*** Dataset
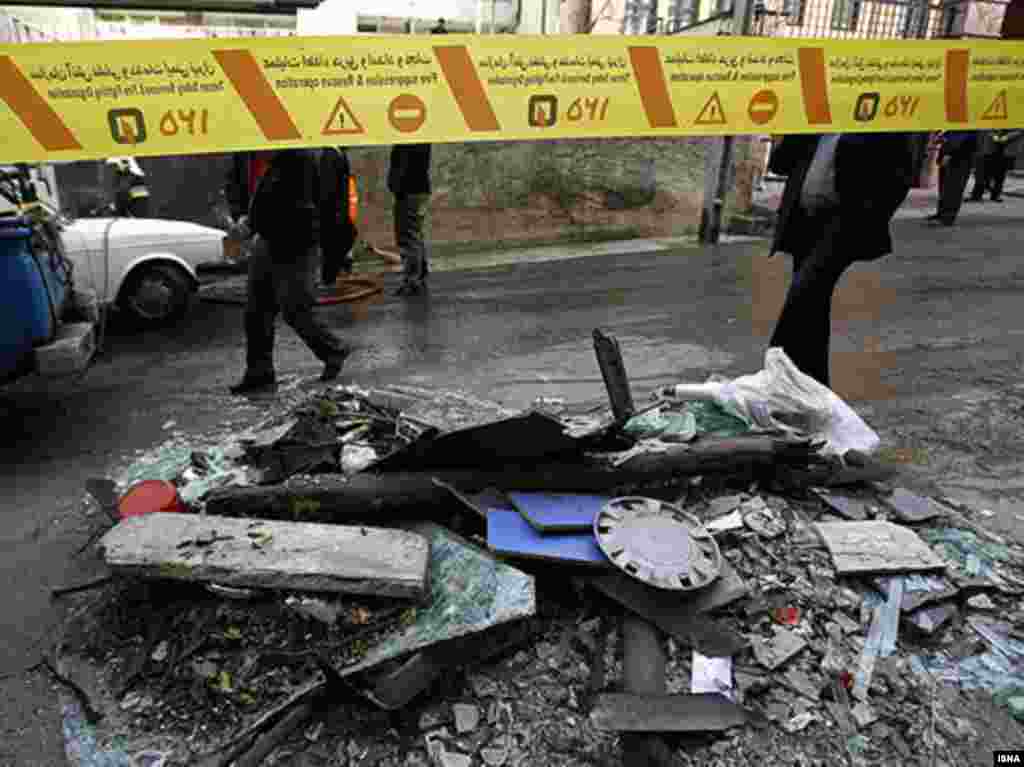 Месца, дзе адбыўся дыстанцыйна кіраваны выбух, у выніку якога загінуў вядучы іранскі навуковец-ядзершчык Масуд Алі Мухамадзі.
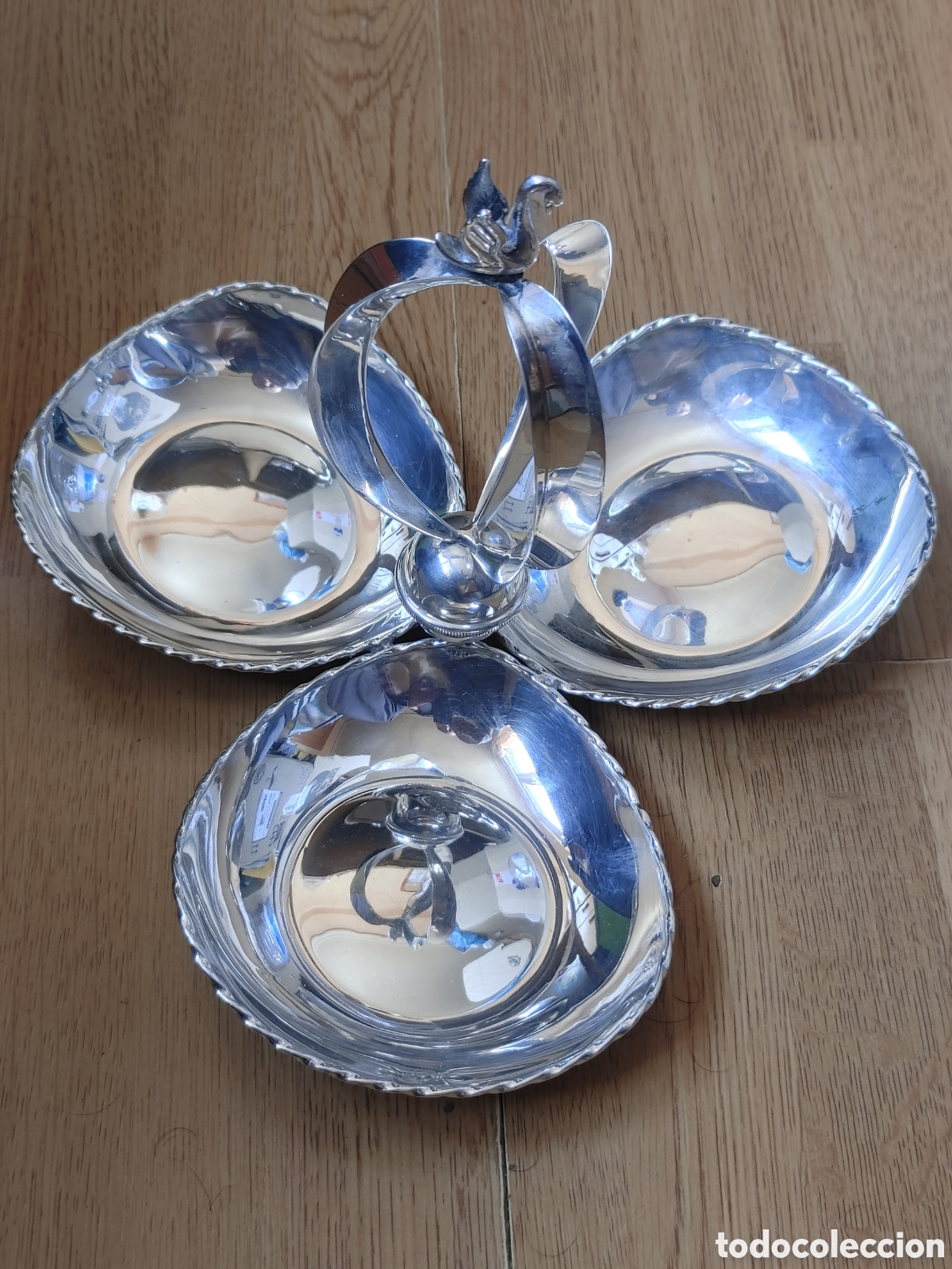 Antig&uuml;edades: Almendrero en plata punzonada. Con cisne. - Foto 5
******
*** Dataset
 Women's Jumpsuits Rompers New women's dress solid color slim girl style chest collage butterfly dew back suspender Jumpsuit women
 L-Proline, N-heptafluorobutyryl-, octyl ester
******
*** Dataset
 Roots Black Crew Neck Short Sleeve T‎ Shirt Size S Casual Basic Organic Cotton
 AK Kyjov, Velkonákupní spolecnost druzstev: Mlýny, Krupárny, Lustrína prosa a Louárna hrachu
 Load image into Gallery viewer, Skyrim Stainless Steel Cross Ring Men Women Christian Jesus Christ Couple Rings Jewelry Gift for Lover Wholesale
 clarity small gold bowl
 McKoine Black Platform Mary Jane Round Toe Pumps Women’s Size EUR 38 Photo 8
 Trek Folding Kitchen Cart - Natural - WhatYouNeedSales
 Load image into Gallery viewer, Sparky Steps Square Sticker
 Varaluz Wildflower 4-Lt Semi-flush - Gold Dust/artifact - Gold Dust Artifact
******
# Your objective
Search the data above for the word "into". Copy each line it is in.

# Written reply
 Load image into Gallery viewer, Skyrim Stainless Steel Cross Ring Men Women Christian Jesus Christ Couple Rings Jewelry Gift for Lover Wholesale
 Load image into Gallery viewer, Sparky Steps Square Sticker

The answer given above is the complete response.